# SOURCE MATERIAL
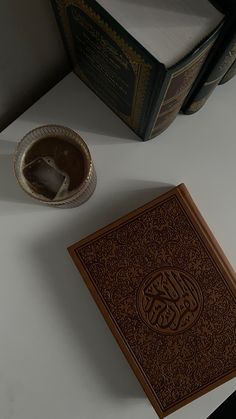 an open book sitting on top of a white table next to a cup and saucer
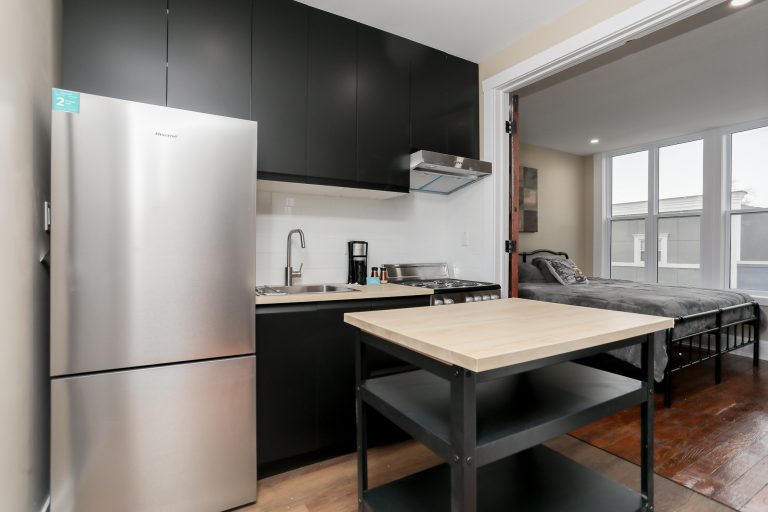 Modern kitchen with black cabinets and stainless steel appliances.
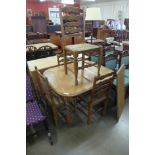 An oak barleytwist extending dining table and four chairs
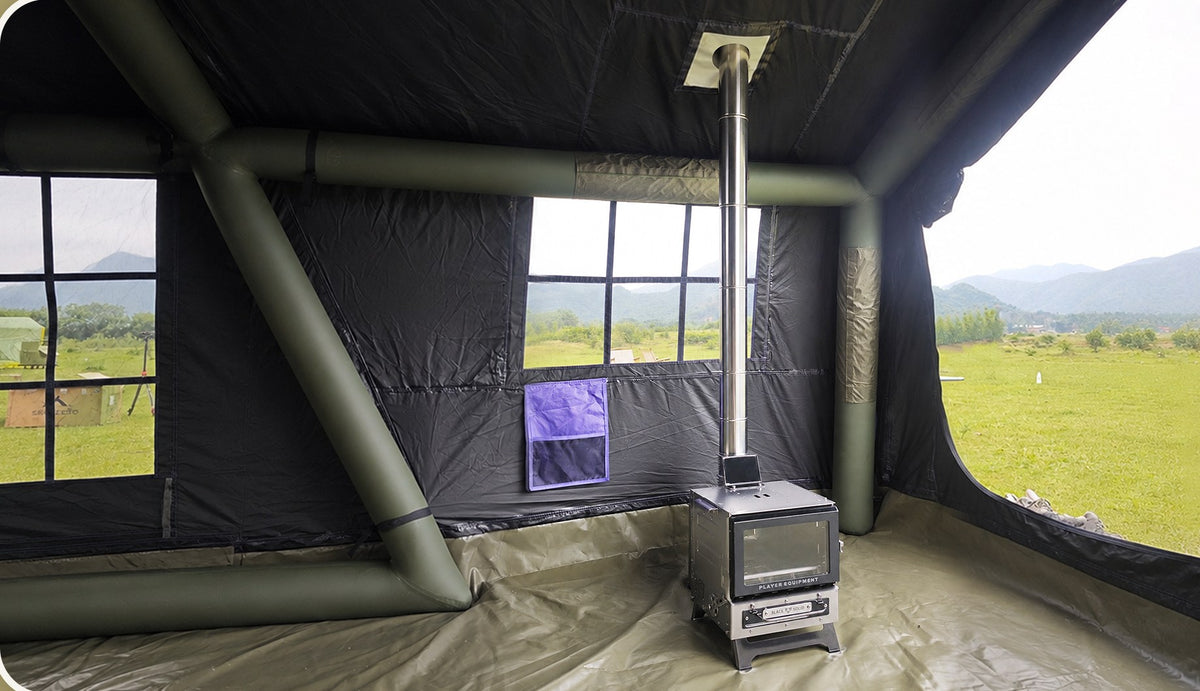 Wood stove pipe routed through the ceiling stove jack inside a Senleeto A-Frame tent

# ABOUT THIS EXERCISE
Pictures aside, transcribe exactly the lines from the line containing "An oak barleytwist" through the final line of the material above.

# RESPONSE FOR THIS EXERCISE
 An oak barleytwist extending dining table and four chairs
 Wood stove pipe routed through the ceiling stove jack inside a Senleeto A-Frame tent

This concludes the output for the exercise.